What more could you wish for on a Friday afternoon that a bit of homelessness law in the Court of Appeal?  Don’t answer that.  Anyway, on to Ali & Ibrahim v Birmingham City Council [2008] EWCA 1228.

Two joined appeals, one on behalf of Ms Ali and one on behalf of Ms Ibrahim, came before the Court of Appeal on whether findings of fact made by a review officer under s. 202 of the Housing Act 1996 and the subsequent right of appeal to the County Court under s. 204 were compatible with Article 6 of the ECHR and particularly the ECtHR decision in Tsfayo v UK [2006] ECHR 981.  Central to the case was whether the House of Lords decision in Runa Begum v Tower Hamlets LBC [2003] UKHL 5 covered the issue and whether Runa Begum should be viewed differently in the light of Tsfayo.

Facts – Ali

Ms Ali, a single parent with two young children, made a homelessness application to Birmingham in October 2006.  A full s. 193 duty was duly accepted.  An offer was made in November 2006 of a flat in Sutton Coldfield, which Ms Ali refused.  Birmingham then wrote to her saying that their duty had been discharged and notifying her of her right to a s. 202 review.  Ms Ali requested a review.  This review was carried out in February 2007 and recommended that a further offer be made due to an administrative error in the original offer letter.

In March 2007 Birmingham made an oral offer of a maisonette in Erdington.  They then wrote to her on 14th March 2007.  The letter was headed “Final Offer of Accommodation” and dealt with the consequences of a refusal (s. 193).  Ms Ali denied that she ever received this letter.  She viewed the property on 19th March and refused it.  Birmingham subsequently sent another ‘duty discharged’ letter.  Ms Ali again sought a review.

While this review was going on Ms Ali was made another offer of accommodation, this time in Teviot Tower.  This offer was not made in connection with her homelessness, but because of her position on the waiting list.  Ms Ali also refused this offer.
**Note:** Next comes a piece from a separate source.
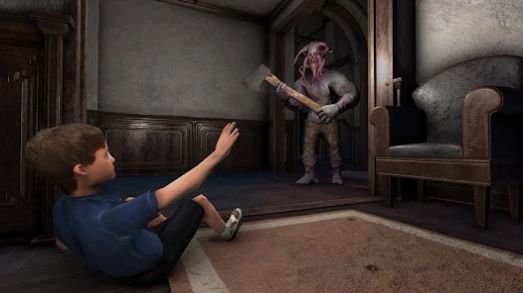 鬼屋100扇门逃生-图2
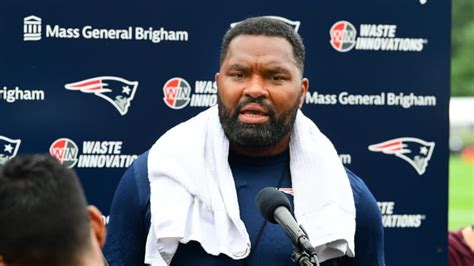 Patriots Hc Jerod Mayo Reveals Timeline For Starting Qb Announcement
The reviewing officer sent a decision letter on 2nd May 2007, stating that it was not accepted that Ms Ali had not received the letter of 14th March.  In part this decision relied upon the fact that the reviewing officer had spoken to Ms Ali, who had confirmed that she had received the offer letter. (Ms Ali claimed that in her telephone conversation with the reviewing officer she was referring to the offer letter for Teviot Tower).  The reviewing officer went on to conclude that the property was suitable and the duty was therefore discharged.

Ms Ali pursued a s. 204 review to the County Court where HHJ McDuff QC held that he did not have to determine as an issue of fact whether the letter of 14th March had been received by Ms Ali.

Facts – Ibrahim

Ms Ibrahim has six children.  She is of Somali origin and has a poor understanding of English.  In May 2005 Birmingham accepted a full duty towards her and made her an offer in October 2005.  Unfortunately, they seem to have made a bit of a hash of it.  Birmingham claim that the authority sent Ms Ibrahim two letters at the same time.  One appears to have been an ordinary housing waiting list letter, which clearly did not comply with s. 193.  It was Birmingham’s case that this letter was included by mistake.  The second letter, according to Birmingham, did comply with s. 193(5).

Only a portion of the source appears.